I set up FairKind Child soon after having my son and finding it so hard to buy ethical, unique toys that are good for the environment. When I mention that I don’t supply plastics I am sometimes asked why – “What’s so wrong with plastic toys?” There are some good toys out there, such as construction toys, that are made from plastic. It can sometimes be hard to resist them. Thankfully more and more alternatives are being produced. I select my stock based on it’s impact to the people and communities that produce them, as well as the world and the child that plays with them.
Here are a few reasons why I choose not to supply Plastic to children.
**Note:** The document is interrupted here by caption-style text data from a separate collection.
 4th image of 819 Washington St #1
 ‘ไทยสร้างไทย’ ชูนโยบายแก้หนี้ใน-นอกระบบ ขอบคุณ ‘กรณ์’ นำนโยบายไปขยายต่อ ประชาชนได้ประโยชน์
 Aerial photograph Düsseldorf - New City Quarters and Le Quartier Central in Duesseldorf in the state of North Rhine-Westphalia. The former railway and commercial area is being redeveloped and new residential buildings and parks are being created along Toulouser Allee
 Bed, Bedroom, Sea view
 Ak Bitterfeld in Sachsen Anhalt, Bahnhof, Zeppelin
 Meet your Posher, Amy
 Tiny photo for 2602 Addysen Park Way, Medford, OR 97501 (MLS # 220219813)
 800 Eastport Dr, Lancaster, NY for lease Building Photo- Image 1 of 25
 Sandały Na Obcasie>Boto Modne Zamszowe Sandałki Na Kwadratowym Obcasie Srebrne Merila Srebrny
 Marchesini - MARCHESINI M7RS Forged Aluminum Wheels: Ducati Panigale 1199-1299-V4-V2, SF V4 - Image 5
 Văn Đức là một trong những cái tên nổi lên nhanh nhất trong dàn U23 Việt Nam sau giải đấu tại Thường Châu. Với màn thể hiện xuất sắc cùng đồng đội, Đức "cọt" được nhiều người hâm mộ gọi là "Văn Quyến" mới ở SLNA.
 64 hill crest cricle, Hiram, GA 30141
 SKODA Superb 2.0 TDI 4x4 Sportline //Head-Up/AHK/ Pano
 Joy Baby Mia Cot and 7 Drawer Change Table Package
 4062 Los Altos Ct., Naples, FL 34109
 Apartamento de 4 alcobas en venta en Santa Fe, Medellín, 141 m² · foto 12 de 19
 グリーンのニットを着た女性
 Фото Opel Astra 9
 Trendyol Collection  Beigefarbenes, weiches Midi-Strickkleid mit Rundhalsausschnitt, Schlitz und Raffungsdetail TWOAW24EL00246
The most obvious one..so many broken toys are sent to landfull each day because they cannot be recycled. The only way is to dismantle them into their material parts e.g. remove the metal bits, fabric bits etc. If they are still working you can offer them to a charity.
Phthalates: What are phthalates?
Have you seen the sign “BPA Free” on baby’s bottles and other plastic items? BPA is a Phthalate. Phthalates are added to plastic to strengthen it. They have been identified as responsible for attention-deficit hyperactivity disorder, breast cancer, obesity and type II diabetes, low IQ, neurodevelopmental issues, behavioral issues, autism spectrum disorders, altered reproductive development..and if that wasn’t enough – male fertility issues!!
As more and more is known about these groups of chemicals, each Phthalate is identified to cause health problems. Pregnant women and young children are more at risk.
Initally it was DEHP, which was replaced with DiNP only to find that DiNP is linked to male genital birth defects and impaired reproductive function in adult males.
Once BPA was identified as a health risk it was replaced with bisphenol S (BPS). Unfortunately now BPS has been around long enough for health effects to emerge. As these new chemicals are produced, there is insufficient information to identify their hazards over long periods.
HOWEVER, Cotton, Wood, Wool and other natural materials that have been around for centuries, are natural materials that have been tested for generations, so we know these materials are safe and long lasting for children’s products.
The images below show data relating to content of Phthalates in toys intended for children 3 or under.
Unfortunately a number of companies do not comply with the necessary Regulations when exporting to the EU. This means that some high street toys are also subject to health risks. (Data taken from Prosafe website)
70% of the world’s toys are manufactured in China. There is nothing wrong with buying from China. Some tribes are fair trade and produce excellent toys. However when buying mass-produced plastic toys from China, you can never be sure of the production quality.
More so, China has produced their own verion of the CE mark and named it the China Export mark!! Try to become familiar with the differences between this and the real mark which has larger spacing in between – it’s tough to spot!
Here are some more statistics from Prosafe – a Non-Profit organisation that seeks to strengthen safety in products sold throuought the EEA.
Sadly toys that were least compliant with the legal CE toy Regulations were Rattles and Push along toys (‘O’ is Other).